[WORK ORDER]
Find the line that holds "多股涨超5%！化工板块午后延", then repeat it and each line below it word for word through the end of the listing, leaving out pictures.

[TASK INPUTS]
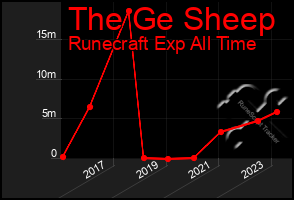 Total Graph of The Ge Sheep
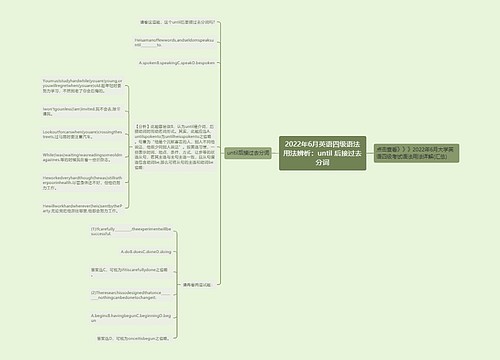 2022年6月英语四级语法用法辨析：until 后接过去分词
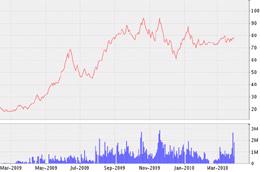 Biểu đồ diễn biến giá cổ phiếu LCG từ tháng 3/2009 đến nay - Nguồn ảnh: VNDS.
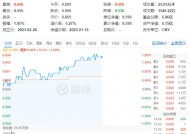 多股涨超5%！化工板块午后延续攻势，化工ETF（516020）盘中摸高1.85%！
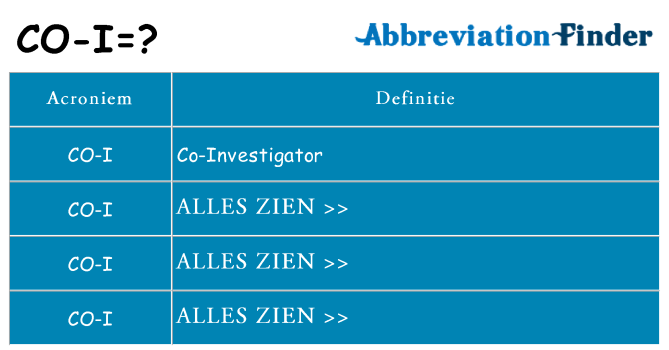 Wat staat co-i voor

[ANSWER FOR THIS EXERCISE]
 多股涨超5%！化工板块午后延续攻势，化工ETF（516020）盘中摸高1.85%！
 Wat staat co-i voor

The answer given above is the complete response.